Sunday, November 9, 2008
Michael Hudson on World Bank and IMF - and Eastern Europe an extract from Guns and Butter Interview
BF: Both these organizations have played a destructive role in Third World countries, haven’t they?
MH: Yes, and also in Russia and the post-Soviet countries where they promoted kleptocracies and an anti-labor, anti-development “flat tax” while freeing real estate and finance from taxation.

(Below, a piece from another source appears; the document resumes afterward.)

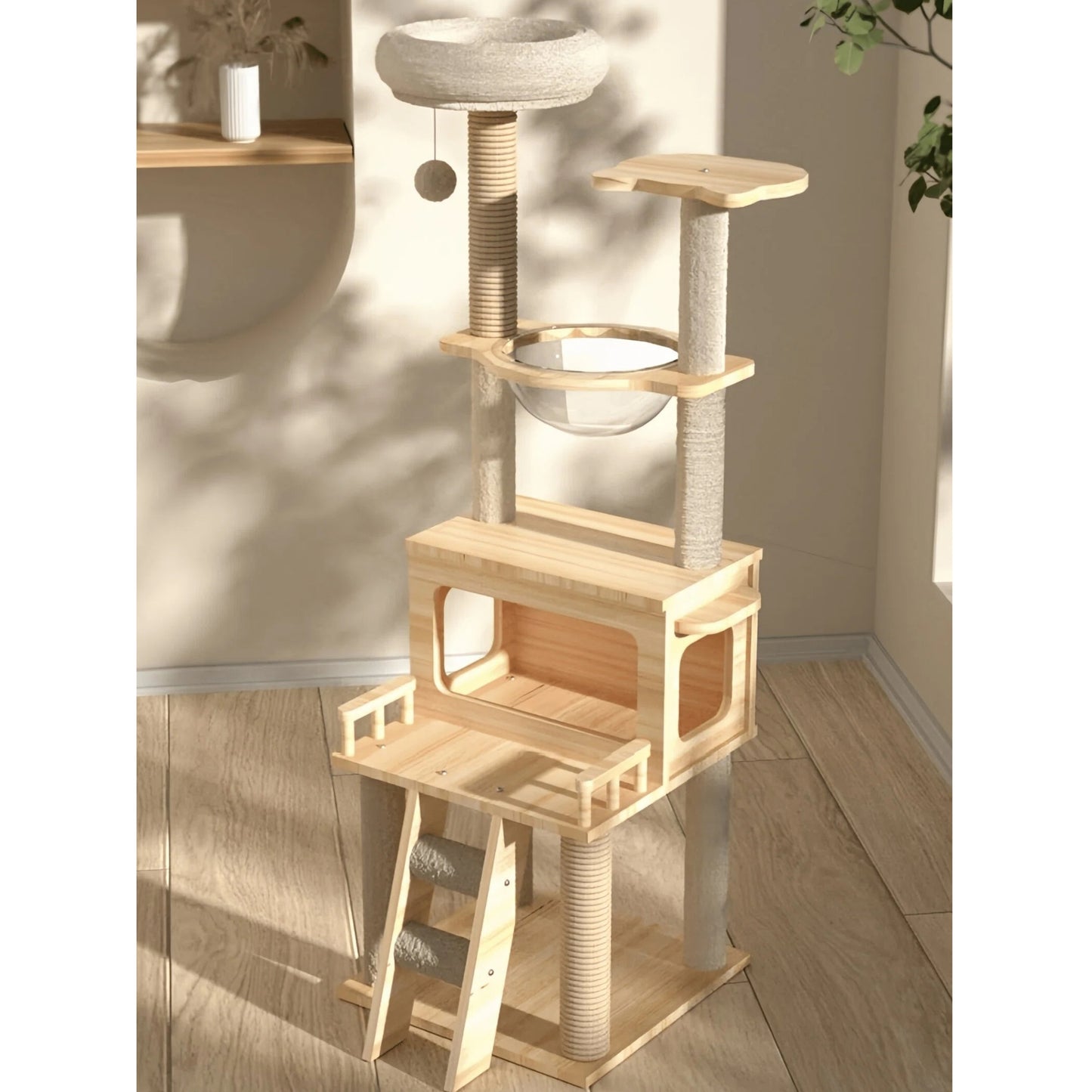 Multi-Layer Wooden Cat Tree (147cm) with Space Capsule Bed & Scratching Posts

If you want to see the ideal of the World Bank and IMF, look at the Russian, Latvian, and Estonian economies. They have shrunk as if there’s a war on. It is a war – a neoliberal class war being waged by American finance against the rest of world. The effect is to “free” land rent and monopoly rent from privatized public enterprises to be paid to banks as interest, forcing taxes to be levied on labor and industry. So the government budget is limited to what it can extract from labor.

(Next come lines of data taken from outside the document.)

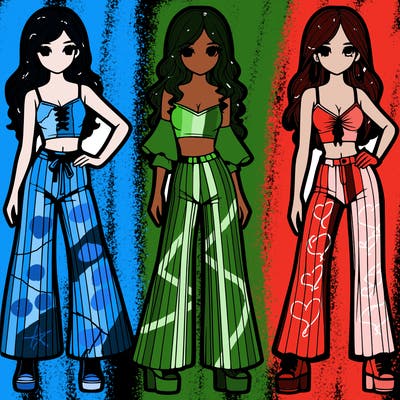 girls with flare pants and crop tops realistic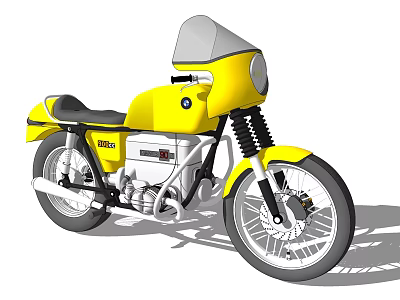 Yellow Vintage Style BMW Motorcycle With Black Seat And Silver Engine Windshield 3d model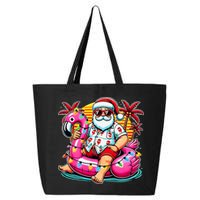 Christmas In July Santa Flamingo Float Summer Xmas 25L Jumbo Tote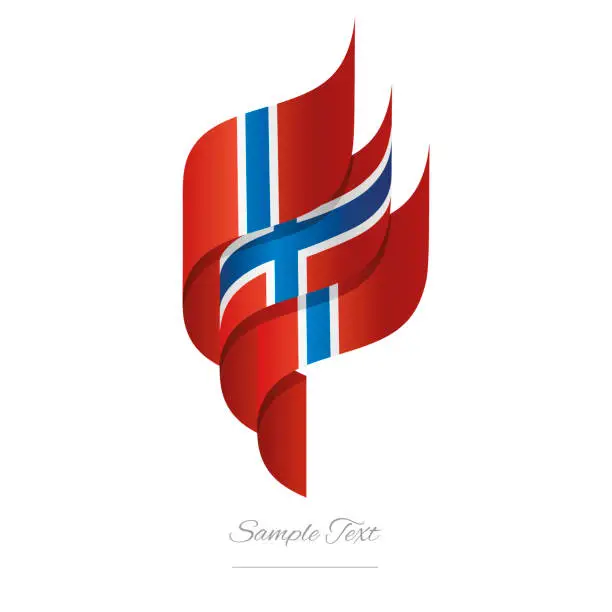 Vector illustration of Norway abstract 3D wavy flag red white blue modern Norwegian ribbon torch flame strip logo icon vector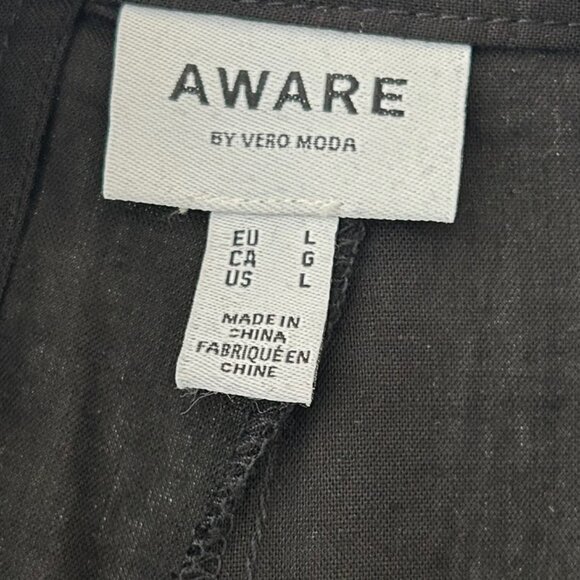 Aware by Vero Moda Viscose / Linen Black Pants Size L - Picture 7 of 10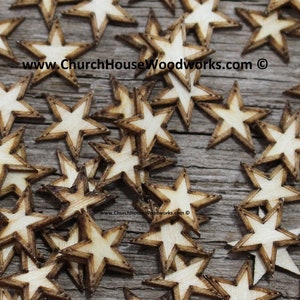 50 pcs 0.5&quot; Wood Stars with Border – Unfinished Birch Mini Cutouts – DIY Craft Supply for Flags, Projects, Scrapbooking, Crafts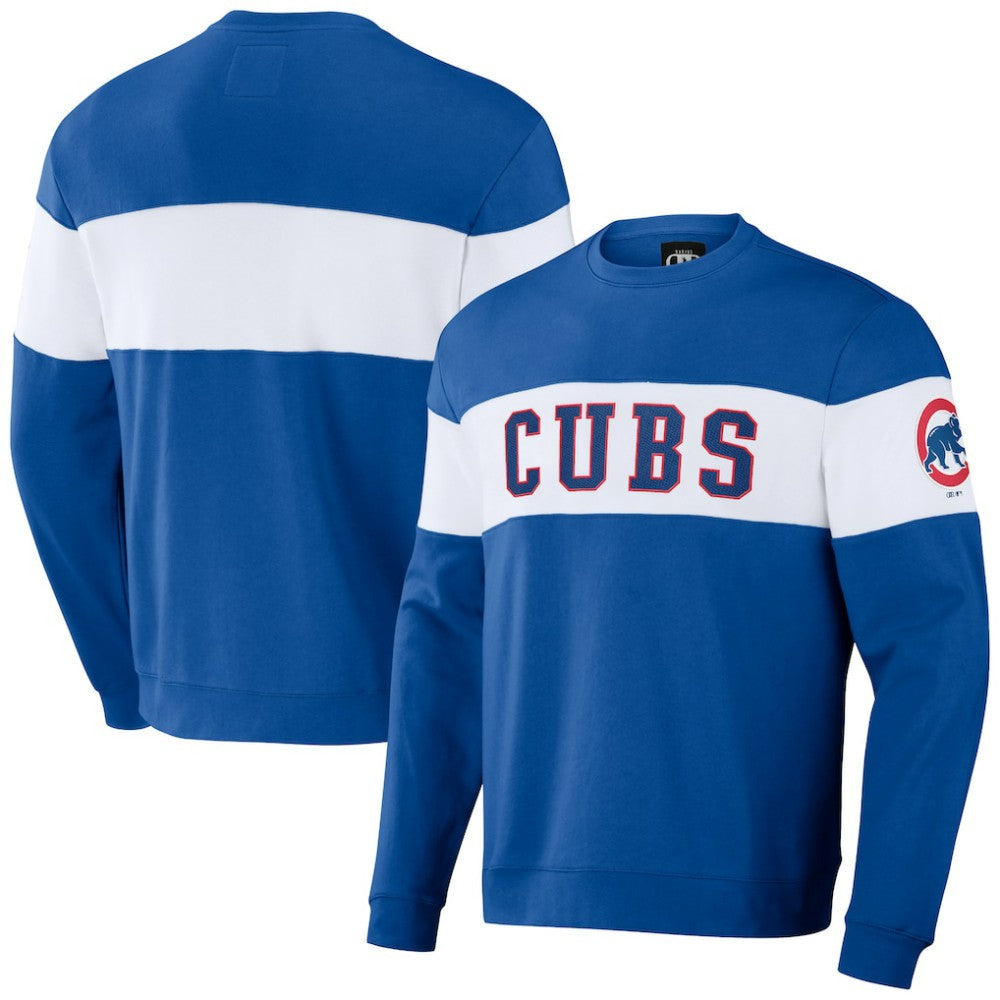 Royal Chicago Cubs Darius Rucker Collection by Fanatics Stripe Pullover Sweatshirt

The World Bank applauds this and puts Latvia and the Baltic states at the top of its list of business-friendly countries. These happen to be the countries whose economies are now falling apart the fastest. These are the most neoliberalized economies in the world, causing them to suffer from depopulation, de-industrialization, poverty, deteriorating health standards and rising industrial accident rates.
They anti-labor policy and trade dependency are so extreme that about a sixth of men between the ages of 25 and 35 have told pollsters that they expect to emigrate in the next five years. In the past two years nearly 10 percent of Latvia’s workforce has emigrated – between 50,000 and 100,000 workers, about half to Ireland.
Many post-Soviet countries are going to go the way of Iceland as their real estate debt collapses.
IMF and World Bank advice has led the Baltics to borrow primarily in foreign currency against their real estate. Over three-quarters of Latvian mortgage debt is denominated in foreign currencies. Once the domestic currency goes down, debt defaults will spread and the economy will fracture.